‘Ilm ( "knowledge") is the Islamic term for knowledge.

Meaning of knowledge

Linguistic
According to the Oxford English Dictionary, the word knowledge refers to "Facts, information, and skills acquired through experience or education; the theoretical or practical understanding of a subject."

Islamic meaning
Knowledge in the Western world means information about something, divine or corporeal, while In Islamic point of view 'ilm is an all-embracing term covering theory, action and education, it is not confined to the acquisition of knowledge only, but also embraces socio-political and moral aspects.it requires insight, commitment  to the goals of Islam  and for the believers to act upon their belief. 
Also it is reported in hadith that "Knowledge is not extensive learning. Rather, it is a light that God casts in the heart of whomever He wills."

Shiism and knowledge

Doctrine about necessity of acquiring knowledge
According to Allameh Muzaffar, Allah gives humans the faculty of reason and argument. Also Allah orders human to spend time thinking carefully on creation while he refers to all creations as his signs of power and glory. These signs encompassed all of universe. Also there is similarity between human as little world and universe as large world.

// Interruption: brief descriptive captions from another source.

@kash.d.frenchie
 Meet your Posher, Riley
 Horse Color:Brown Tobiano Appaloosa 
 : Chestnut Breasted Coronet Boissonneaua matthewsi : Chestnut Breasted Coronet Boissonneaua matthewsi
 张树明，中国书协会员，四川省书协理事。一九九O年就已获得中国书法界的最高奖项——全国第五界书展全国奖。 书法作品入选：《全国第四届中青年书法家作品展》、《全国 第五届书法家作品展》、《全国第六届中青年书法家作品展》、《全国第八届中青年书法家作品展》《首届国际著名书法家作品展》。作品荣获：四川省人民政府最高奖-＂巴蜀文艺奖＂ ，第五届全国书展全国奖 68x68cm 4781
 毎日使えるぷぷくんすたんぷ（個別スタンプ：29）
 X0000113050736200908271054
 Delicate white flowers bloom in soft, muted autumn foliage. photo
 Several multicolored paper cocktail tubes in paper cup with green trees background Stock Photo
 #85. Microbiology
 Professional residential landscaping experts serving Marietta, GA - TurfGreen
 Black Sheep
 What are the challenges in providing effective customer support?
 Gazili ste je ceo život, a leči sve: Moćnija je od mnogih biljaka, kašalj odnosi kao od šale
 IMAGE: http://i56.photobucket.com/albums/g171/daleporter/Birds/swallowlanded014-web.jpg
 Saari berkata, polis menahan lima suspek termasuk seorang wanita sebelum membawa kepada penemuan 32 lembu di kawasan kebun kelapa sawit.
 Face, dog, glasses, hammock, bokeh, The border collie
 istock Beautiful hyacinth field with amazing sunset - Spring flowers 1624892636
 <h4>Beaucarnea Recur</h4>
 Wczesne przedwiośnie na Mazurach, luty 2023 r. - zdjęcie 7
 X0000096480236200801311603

Allah doesn't accept the faith of those who follow him without thinking and only with imitation but also Allah blames them for such an action.
In other words, humans have to think about the universe with reason and intellect, a faculty bestowed us by Allah.  Since that there is more insistence on the faculty of intellect among Shia, even evaluating the claims of someone who claims prophecy is on the shoulder of intellect. 
The Qur'an is said to demand the acquisition of knowledge. It explains the study and development of sciences during the Islamic Golden Age.

Ilm in Islam

In Qur'an
In the Qur'an the word 'alim has occurred in 140 places, while al-'ilm in 27. In all, the total number of verses in which 'ilm or its derivatives and associated words are used is 704. The aids of knowledge such as book,  pen, ink etc.  amount to almost the same number. Qalam occurs in two places, al-kitab in 230 verses, among which al-kitab for al-Qur'an occurs in 81 verses. Other words associated with writing occur in 319 verses.

In Hadith
Various leading Hadith books have specific chapters based on Ilm or knowledge.